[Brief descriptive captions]
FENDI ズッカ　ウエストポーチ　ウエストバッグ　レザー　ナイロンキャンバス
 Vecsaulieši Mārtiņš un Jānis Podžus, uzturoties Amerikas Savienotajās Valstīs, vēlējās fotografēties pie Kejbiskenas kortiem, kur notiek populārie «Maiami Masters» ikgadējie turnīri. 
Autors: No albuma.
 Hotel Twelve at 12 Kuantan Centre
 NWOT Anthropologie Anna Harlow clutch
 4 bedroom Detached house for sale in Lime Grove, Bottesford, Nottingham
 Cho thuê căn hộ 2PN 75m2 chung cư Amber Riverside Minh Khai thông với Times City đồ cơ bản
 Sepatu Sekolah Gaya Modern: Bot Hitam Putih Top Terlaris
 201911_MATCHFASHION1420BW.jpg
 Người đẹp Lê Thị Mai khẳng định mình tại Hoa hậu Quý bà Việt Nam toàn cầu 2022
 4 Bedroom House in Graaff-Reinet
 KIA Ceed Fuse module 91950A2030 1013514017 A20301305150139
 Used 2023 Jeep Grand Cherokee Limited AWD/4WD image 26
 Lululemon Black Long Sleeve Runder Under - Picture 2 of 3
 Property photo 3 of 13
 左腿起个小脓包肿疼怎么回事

### Prompt
Your answer must be the lines from the one that contains "Người đẹp Lê Thị" through the last line of the entries above, copied exactly, with no other lines.

### Exercise solution
 Người đẹp Lê Thị Mai khẳng định mình tại Hoa hậu Quý bà Việt Nam toàn cầu 2022
 4 Bedroom House in Graaff-Reinet
 KIA Ceed Fuse module 91950A2030 1013514017 A20301305150139
 Used 2023 Jeep Grand Cherokee Limited AWD/4WD image 26
 Lululemon Black Long Sleeve Runder Under - Picture 2 of 3
 Property photo 3 of 13
 左腿起个小脓包肿疼怎么回事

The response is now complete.